To be pedantic: we care about “consequence-desirability-maximisers” (or in Rohin’s terminology, goal-directed agents) because they do backwards assignment. But I think the pedantry is important, because people substitute utility-maximisers for goal-directed agents, and then reason about those agents by thinking about utility functions, and that just seems incorrect.
What do you mean by optimal here? The robot’s observed behaviour will be optimal for some utility function, no matter how long you run it.
Valid point.
This also seems right. Like, my understanding of what’s going on here is we have:
‘central’ consequence-desirability-maximizers, where there’s a simple utility function that they’re trying to maximize according to the VNM axioms
‘general’ consequence-desirability-maximizers, where there’s a complicated utility function that they’re trying to maximize, which is selected because it imitates some other behavior
The first is a narrow class, and depending on how strict you are with ‘maximize’, quite possibly no physically real agents will fall into it. The second is a universal class, which instantiates the ‘trivial claim’ that everything is utility maximization.
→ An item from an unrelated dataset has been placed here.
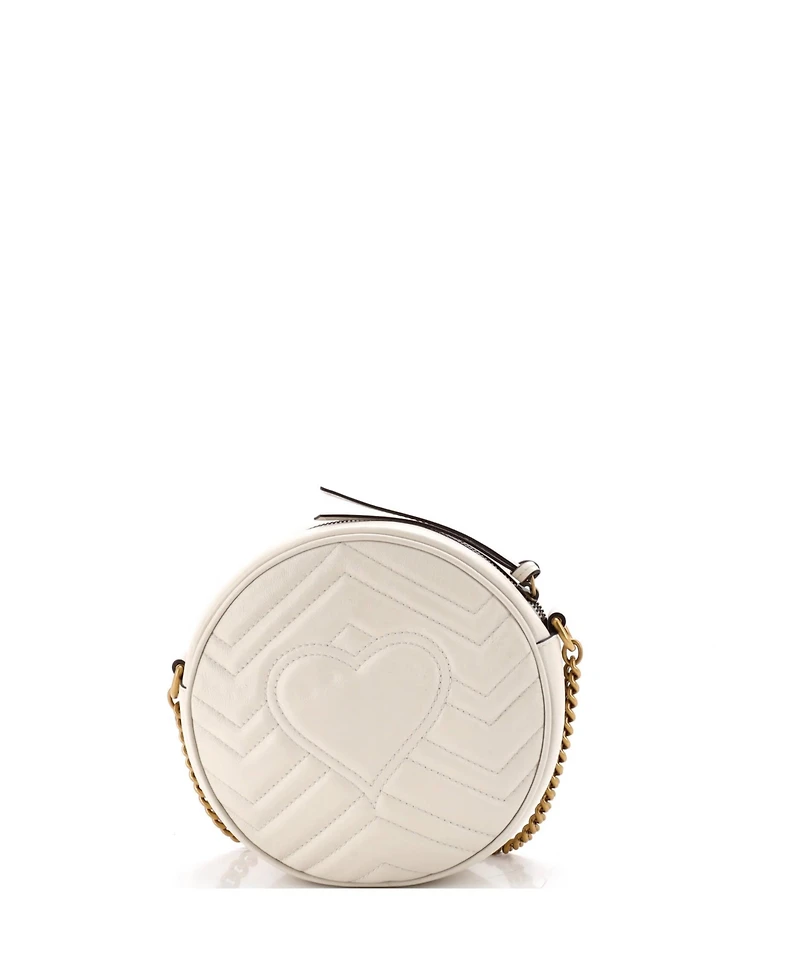 Pre-Owned Gucci Mini Gg Marmont Round Shoulder Bag Matelasse Leather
Put another way, the first is what happens if you hold utility fixed / keep utility simple, and then examine what behavior follows; the second is what happens if you hold behavior fixed / keep behavior simple, and then examine what utility follows.
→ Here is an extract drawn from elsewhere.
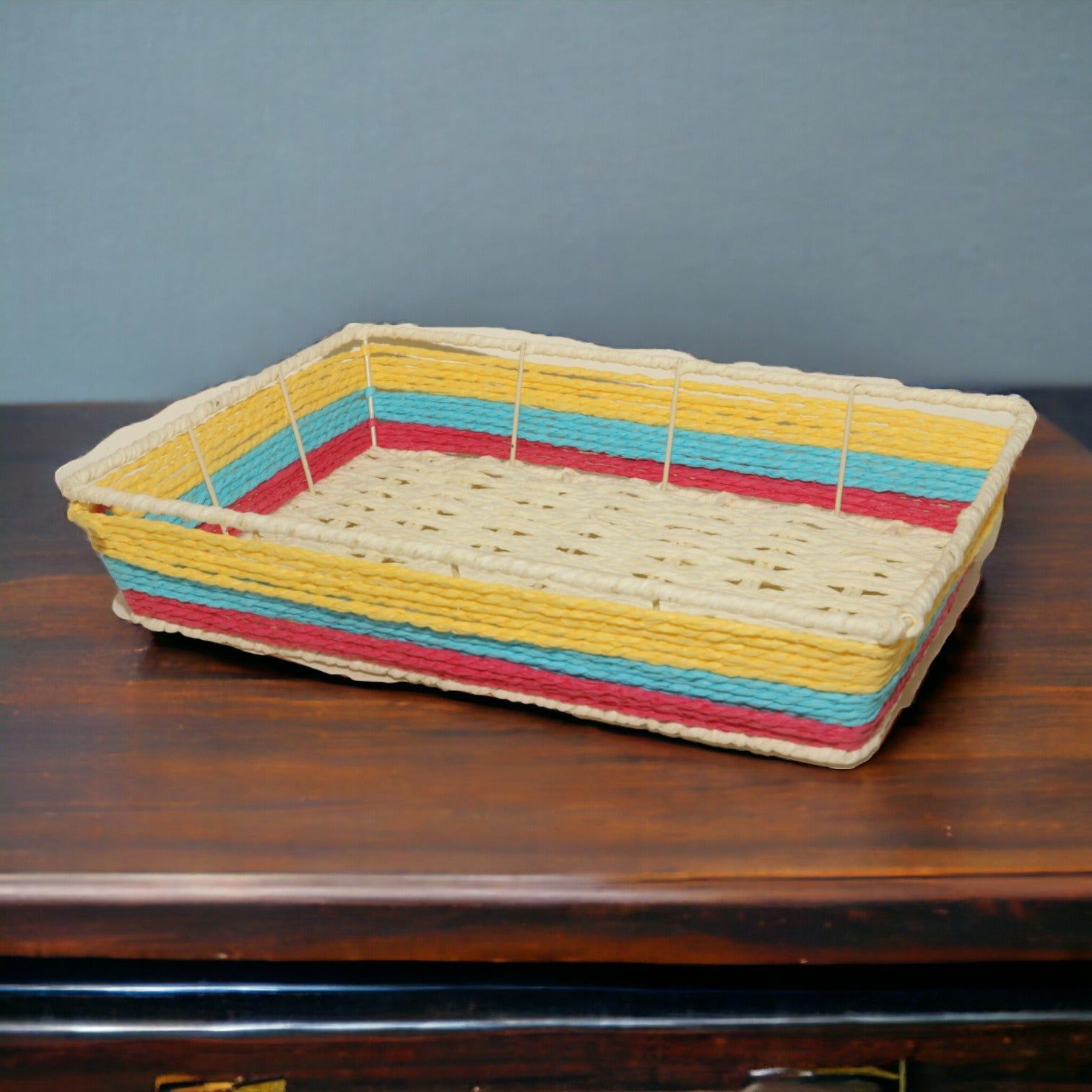 Colourful Paper weaved Rattan Rectangle Basket 30x22x6_0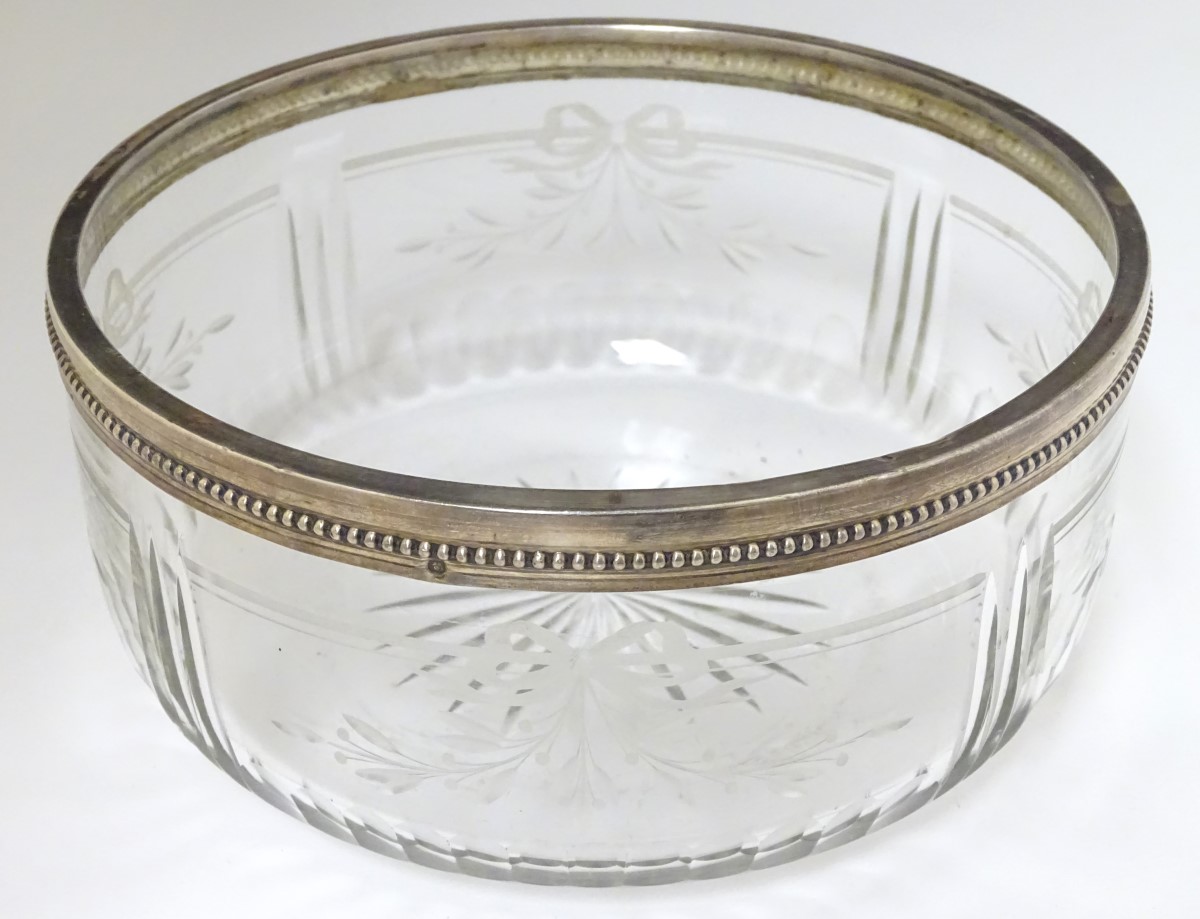 A Continental silver rimmed glass bowl ,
Distance from the first is what I mean by “the further a robot’s behavior is from optimal”; I want to say that I should have said something like “VNM-optimal” but actually I think it needs to be closer to “simple utility VNM-optimal.”
I think you’re basically right in calling out a bait-and-switch that sometimes happens, where anyone who wants to talk about the universality of expected utility maximization in the trivial ‘general’ sense can’t get it to do any work, because it should all add up to normality, and in normality there’s a meaningful distinction between people who sort of pursue fuzzy goals and ruthless utility maximizers.